→ **Work task**: Keep the wording of every entry exactly as it is while leaving the pictures out of your copy.

→ **Extracted entries**:
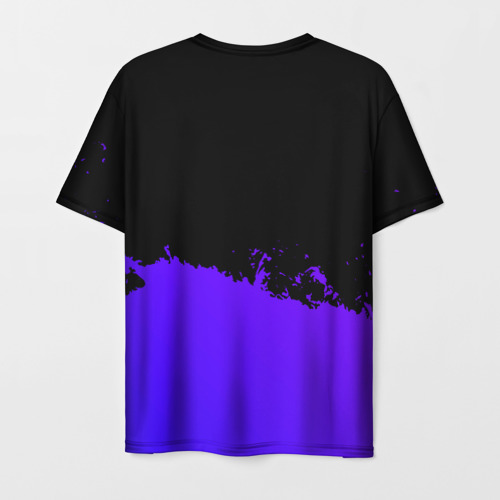 Мужская футболка 3D Evanescence Purple Grunge - фото 2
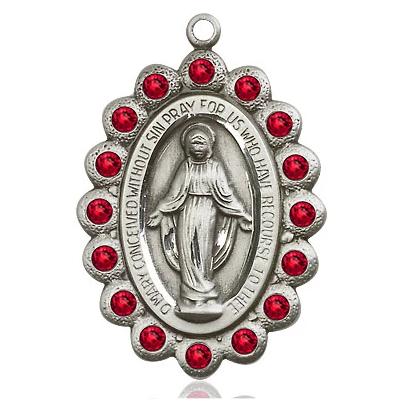 Miraculous Medal - Pewter - 1-1/8 Inch Tall by 3/4 Inch Wide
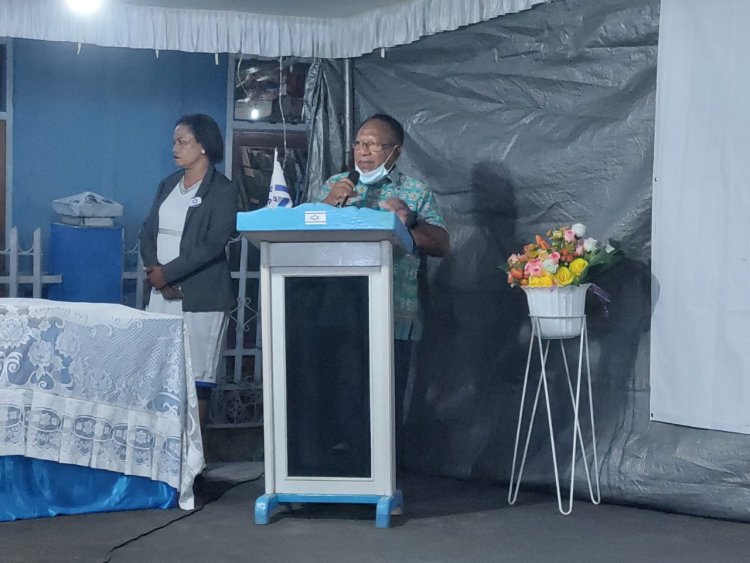 Wakil Bupati Frans Sanadi Hadiri Ibadah Deklarasi Paskah, ini Dua Pesan Pentingnya...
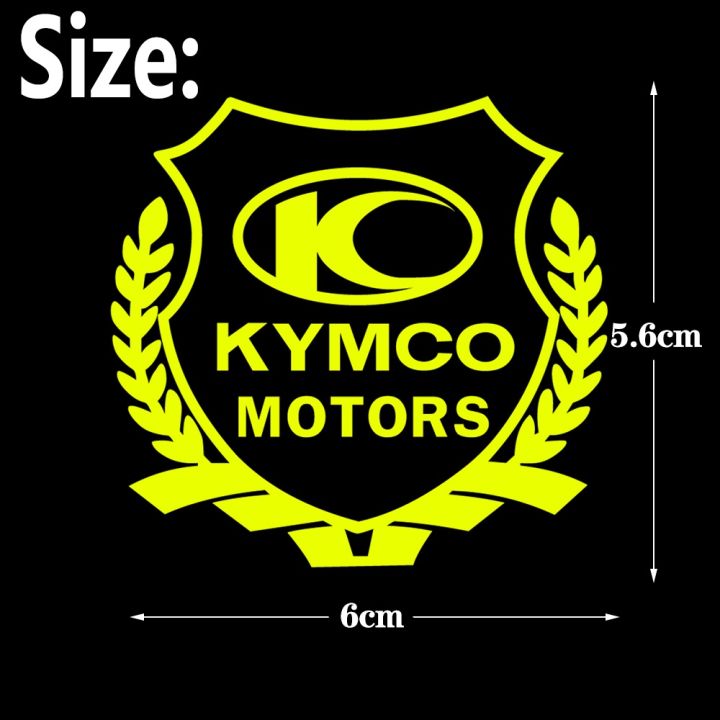 ป้ายด้านร่างกายหูบนข้าวสาลี-kymco-vip-ป้ายโลโก้แถบสติกเกอร์ติดรถสร้างสรรค์มีสไตล์-kymco
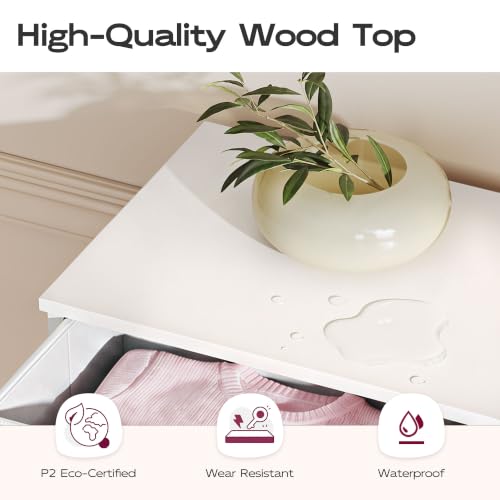 WLIVE dresser placed in a compact bedroom corner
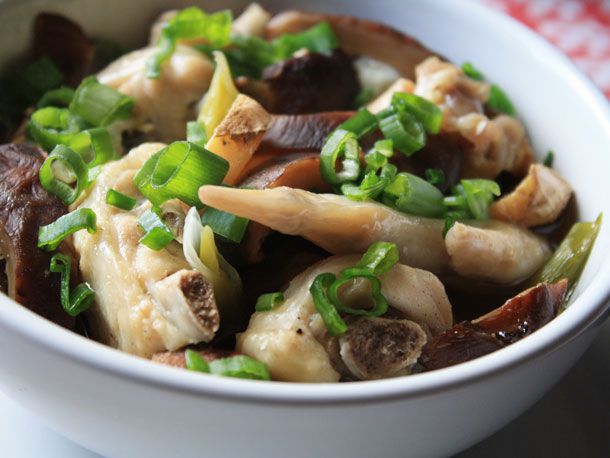 Steamed Chicken and Shiitake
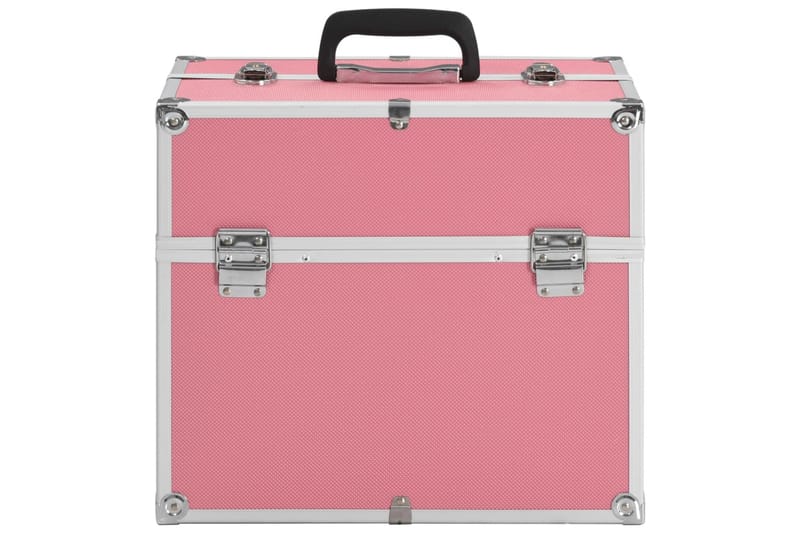 makeupkuffert 37 x 24 x 35 cm pink aluminium - Opbevaring til småting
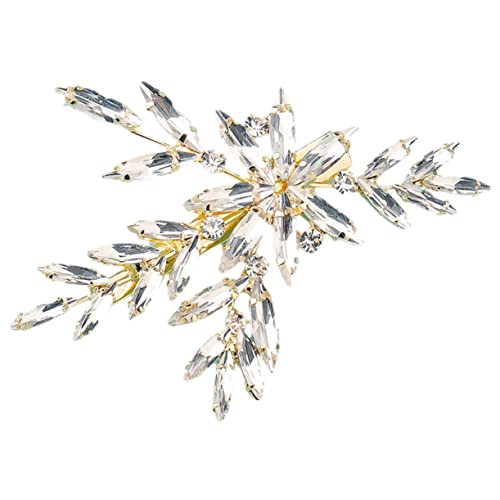 CONGARTENO Rhinestone Haarspange Für Frauen Elegante Haarklammer Mit Kreativem Design Für Hochzeiten Und Partys Aus Leichtem Und Langlebigem Legierungsmaterial Bietet Sicheren Halt Ohne von CONGARTENO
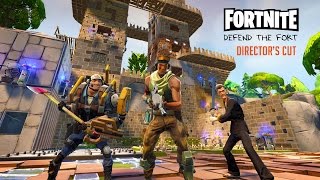 Defending The Fort Directors Cut - Fortnite Gameplay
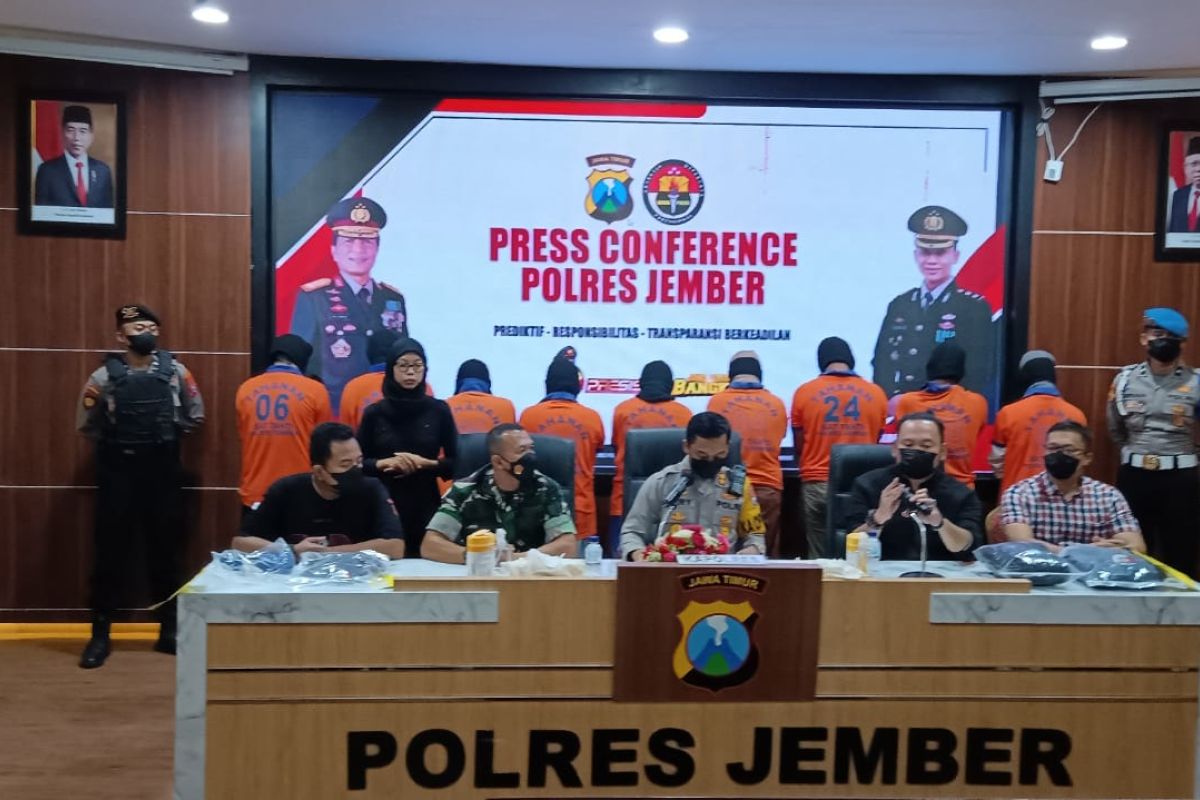 Polisi tetapkan sembilan orang tersangka kerusuhan di Desa Mulyorejo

→ **Problem solution**:
 Мужская футболка 3D Evanescence Purple Grunge - фото 2
 Miraculous Medal - Pewter - 1-1/8 Inch Tall by 3/4 Inch Wide
 Wakil Bupati Frans Sanadi Hadiri Ibadah Deklarasi Paskah, ini Dua Pesan Pentingnya...
 ป้ายด้านร่างกายหูบนข้าวสาลี-kymco-vip-ป้ายโลโก้แถบสติกเกอร์ติดรถสร้างสรรค์มีสไตล์-kymco
 WLIVE dresser placed in a compact bedroom corner
 Steamed Chicken and Shiitake
 makeupkuffert 37 x 24 x 35 cm pink aluminium - Opbevaring til småting
 CONGARTENO Rhinestone Haarspange Für Frauen Elegante Haarklammer Mit Kreativem Design Für Hochzeiten Und Partys Aus Leichtem Und Langlebigem Legierungsmaterial Bietet Sicheren Halt Ohne von CONGARTENO
 Defending The Fort Directors Cut - Fortnite Gameplay
 Polisi tetapkan sembilan orang tersangka kerusuhan di Desa Mulyorejo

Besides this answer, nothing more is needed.